(Web page caption snippets)

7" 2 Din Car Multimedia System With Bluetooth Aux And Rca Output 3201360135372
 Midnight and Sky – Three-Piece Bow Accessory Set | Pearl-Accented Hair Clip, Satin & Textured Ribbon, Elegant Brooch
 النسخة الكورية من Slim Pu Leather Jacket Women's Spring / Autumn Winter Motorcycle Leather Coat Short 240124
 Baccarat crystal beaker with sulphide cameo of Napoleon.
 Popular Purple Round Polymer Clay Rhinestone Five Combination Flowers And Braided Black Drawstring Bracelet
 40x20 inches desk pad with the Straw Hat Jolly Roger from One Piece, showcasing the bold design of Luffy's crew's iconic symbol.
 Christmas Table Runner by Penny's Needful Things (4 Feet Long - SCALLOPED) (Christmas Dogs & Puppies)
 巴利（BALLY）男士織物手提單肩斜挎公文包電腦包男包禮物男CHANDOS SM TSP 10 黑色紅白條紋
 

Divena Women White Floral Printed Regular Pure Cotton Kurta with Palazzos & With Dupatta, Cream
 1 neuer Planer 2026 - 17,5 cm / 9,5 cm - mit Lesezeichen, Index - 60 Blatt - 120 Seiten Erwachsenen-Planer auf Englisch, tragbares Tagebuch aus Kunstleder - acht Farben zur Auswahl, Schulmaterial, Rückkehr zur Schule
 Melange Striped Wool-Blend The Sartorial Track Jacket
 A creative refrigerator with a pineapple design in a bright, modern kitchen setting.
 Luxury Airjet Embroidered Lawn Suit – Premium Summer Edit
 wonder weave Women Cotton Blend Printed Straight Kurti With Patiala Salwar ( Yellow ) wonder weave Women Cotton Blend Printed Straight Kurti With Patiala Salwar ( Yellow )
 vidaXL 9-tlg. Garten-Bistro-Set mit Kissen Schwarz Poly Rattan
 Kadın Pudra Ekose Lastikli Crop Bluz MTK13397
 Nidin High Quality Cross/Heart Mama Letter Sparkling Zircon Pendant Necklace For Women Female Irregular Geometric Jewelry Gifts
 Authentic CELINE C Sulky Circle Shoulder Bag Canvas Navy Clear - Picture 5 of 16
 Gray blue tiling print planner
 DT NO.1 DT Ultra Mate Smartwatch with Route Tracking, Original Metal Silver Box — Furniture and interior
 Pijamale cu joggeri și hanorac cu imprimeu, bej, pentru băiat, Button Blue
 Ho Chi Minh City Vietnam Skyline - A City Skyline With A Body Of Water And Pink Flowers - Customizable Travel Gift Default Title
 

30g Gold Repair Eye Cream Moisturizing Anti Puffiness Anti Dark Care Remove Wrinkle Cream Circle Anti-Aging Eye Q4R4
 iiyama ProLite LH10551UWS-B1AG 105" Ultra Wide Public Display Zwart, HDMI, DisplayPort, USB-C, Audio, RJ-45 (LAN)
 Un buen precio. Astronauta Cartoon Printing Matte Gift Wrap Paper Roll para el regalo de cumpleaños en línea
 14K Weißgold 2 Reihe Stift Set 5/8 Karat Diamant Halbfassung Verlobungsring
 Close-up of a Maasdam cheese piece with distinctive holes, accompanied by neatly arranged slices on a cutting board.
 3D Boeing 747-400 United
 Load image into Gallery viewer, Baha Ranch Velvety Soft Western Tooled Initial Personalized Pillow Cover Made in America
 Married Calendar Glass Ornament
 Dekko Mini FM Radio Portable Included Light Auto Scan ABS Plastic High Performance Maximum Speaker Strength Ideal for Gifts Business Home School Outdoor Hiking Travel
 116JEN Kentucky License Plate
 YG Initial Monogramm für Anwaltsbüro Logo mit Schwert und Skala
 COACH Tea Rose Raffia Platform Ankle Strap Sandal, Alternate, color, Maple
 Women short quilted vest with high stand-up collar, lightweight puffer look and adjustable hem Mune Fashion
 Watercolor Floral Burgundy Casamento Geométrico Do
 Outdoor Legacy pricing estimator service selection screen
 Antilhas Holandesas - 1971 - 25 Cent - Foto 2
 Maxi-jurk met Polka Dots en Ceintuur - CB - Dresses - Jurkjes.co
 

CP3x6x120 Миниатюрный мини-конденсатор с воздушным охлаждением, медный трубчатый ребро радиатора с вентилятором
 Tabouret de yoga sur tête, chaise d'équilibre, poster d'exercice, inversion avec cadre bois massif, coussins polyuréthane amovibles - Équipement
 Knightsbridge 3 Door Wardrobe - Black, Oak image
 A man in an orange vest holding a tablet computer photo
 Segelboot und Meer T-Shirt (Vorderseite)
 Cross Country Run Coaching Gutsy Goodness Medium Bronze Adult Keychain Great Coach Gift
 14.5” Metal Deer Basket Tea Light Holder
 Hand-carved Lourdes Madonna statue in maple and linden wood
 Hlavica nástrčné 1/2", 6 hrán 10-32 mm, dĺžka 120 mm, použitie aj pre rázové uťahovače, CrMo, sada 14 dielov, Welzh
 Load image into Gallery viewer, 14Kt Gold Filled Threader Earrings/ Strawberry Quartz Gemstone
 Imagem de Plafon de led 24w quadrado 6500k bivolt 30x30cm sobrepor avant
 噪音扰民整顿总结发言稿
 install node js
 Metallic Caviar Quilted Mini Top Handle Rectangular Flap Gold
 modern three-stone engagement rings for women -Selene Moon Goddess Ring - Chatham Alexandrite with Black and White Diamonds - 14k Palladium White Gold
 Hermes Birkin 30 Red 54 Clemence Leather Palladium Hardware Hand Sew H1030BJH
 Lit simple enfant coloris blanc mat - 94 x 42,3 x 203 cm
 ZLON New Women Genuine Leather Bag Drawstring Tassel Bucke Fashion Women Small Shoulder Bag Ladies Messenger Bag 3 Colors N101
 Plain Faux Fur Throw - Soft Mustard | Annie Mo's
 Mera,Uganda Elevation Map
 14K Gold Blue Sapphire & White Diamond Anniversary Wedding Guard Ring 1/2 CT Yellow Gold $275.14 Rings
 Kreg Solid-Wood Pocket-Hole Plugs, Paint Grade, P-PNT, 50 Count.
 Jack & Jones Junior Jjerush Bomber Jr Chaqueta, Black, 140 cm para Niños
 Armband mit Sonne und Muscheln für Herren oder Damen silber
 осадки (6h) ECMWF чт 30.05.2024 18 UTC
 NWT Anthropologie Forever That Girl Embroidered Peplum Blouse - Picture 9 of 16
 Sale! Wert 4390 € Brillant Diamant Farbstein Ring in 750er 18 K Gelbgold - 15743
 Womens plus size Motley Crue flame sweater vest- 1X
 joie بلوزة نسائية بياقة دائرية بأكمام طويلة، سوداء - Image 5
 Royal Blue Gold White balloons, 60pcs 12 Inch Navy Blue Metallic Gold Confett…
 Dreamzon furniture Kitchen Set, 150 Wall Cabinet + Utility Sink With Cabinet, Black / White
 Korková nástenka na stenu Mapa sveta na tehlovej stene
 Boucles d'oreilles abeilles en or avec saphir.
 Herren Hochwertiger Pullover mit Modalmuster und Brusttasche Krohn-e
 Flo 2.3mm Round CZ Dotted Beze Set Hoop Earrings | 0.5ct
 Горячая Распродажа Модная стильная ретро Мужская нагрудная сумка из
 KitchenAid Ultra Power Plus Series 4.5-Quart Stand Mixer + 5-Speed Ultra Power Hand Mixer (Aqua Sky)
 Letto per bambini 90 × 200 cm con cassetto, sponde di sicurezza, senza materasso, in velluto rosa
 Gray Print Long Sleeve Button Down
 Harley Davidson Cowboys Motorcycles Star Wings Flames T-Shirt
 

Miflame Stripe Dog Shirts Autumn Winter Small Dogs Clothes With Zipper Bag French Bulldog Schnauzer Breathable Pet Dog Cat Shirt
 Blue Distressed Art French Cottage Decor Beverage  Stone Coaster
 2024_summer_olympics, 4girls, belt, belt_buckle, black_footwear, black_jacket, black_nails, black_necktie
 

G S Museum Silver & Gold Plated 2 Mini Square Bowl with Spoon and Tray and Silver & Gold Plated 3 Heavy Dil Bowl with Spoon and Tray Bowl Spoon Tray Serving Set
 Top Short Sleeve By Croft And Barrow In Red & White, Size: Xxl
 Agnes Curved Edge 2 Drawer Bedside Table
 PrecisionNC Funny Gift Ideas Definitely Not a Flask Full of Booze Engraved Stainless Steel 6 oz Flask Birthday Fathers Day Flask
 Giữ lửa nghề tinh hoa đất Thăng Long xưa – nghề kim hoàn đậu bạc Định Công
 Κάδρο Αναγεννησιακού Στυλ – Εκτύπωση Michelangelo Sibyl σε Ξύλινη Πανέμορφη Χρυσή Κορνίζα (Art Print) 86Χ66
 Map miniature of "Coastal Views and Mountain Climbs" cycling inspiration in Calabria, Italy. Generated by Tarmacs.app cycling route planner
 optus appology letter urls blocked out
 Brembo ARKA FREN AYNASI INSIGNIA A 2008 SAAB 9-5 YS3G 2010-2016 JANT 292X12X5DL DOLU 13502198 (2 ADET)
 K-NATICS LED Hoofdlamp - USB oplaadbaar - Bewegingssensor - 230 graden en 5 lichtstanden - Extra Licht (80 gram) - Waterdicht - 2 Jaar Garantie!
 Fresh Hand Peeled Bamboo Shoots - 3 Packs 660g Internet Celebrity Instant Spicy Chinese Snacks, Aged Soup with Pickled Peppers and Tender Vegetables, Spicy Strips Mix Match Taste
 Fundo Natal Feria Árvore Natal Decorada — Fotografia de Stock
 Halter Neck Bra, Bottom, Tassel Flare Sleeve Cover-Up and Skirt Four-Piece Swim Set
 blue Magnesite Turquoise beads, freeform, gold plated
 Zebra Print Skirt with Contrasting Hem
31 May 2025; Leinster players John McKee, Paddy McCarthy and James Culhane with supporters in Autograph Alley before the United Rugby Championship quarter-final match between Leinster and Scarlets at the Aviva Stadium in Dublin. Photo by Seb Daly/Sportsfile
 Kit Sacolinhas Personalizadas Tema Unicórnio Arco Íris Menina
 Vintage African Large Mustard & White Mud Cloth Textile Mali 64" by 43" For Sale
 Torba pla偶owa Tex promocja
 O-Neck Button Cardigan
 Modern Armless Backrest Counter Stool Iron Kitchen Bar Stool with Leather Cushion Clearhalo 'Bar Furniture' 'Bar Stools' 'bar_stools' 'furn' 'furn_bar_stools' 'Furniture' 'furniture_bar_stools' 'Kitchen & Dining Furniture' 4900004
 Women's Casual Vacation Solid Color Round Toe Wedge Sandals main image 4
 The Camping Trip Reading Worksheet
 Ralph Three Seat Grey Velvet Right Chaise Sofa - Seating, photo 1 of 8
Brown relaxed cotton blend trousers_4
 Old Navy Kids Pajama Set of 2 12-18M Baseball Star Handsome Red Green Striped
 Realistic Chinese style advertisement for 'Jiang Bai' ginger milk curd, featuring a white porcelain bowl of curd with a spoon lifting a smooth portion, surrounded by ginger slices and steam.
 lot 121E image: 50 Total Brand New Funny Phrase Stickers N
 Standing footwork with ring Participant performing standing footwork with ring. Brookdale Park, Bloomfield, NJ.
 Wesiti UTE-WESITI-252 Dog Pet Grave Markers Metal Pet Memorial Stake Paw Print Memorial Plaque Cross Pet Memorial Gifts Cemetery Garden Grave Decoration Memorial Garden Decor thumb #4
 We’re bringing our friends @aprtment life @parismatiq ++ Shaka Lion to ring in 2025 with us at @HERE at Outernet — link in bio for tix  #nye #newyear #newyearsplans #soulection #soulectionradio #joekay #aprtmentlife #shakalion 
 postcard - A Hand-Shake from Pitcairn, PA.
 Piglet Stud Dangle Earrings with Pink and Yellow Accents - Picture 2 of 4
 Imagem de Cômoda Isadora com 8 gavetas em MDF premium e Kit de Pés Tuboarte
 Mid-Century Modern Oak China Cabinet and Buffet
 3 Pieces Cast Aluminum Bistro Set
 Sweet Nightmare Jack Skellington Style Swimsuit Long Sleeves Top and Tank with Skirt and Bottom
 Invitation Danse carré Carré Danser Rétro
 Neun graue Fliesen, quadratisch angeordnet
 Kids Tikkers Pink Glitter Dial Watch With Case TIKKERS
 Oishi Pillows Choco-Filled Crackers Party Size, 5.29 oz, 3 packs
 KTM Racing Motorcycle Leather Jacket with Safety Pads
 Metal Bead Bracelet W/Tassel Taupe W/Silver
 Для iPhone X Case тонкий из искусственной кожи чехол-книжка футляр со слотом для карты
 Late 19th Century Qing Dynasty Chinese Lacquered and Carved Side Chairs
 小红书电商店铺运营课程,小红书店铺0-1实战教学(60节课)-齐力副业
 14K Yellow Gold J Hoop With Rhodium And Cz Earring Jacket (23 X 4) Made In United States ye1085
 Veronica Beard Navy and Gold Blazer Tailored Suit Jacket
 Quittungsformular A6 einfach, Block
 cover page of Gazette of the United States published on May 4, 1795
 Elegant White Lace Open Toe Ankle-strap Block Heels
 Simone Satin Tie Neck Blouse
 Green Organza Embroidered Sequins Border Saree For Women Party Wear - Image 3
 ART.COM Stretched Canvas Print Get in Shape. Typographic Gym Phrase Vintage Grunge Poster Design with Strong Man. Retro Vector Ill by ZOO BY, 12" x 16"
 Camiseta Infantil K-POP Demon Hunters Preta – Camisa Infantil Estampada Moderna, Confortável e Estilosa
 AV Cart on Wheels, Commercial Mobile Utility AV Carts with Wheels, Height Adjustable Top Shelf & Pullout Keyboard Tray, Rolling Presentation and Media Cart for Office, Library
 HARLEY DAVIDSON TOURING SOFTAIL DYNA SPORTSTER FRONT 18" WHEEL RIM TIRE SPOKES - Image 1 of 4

* **Task to complete**
Copy exactly the lines that run from the first line of the data to the line containing "Christmas Table Runner", please, with both ends included and nothing else.

* **Response box**
7" 2 Din Car Multimedia System With Bluetooth Aux And Rca Output 3201360135372
 Midnight and Sky – Three-Piece Bow Accessory Set | Pearl-Accented Hair Clip, Satin & Textured Ribbon, Elegant Brooch
 النسخة الكورية من Slim Pu Leather Jacket Women's Spring / Autumn Winter Motorcycle Leather Coat Short 240124
 Baccarat crystal beaker with sulphide cameo of Napoleon.
 Popular Purple Round Polymer Clay Rhinestone Five Combination Flowers And Braided Black Drawstring Bracelet
 40x20 inches desk pad with the Straw Hat Jolly Roger from One Piece, showcasing the bold design of Luffy's crew's iconic symbol.
 Christmas Table Runner by Penny's Needful Things (4 Feet Long - SCALLOPED) (Christmas Dogs & Puppies)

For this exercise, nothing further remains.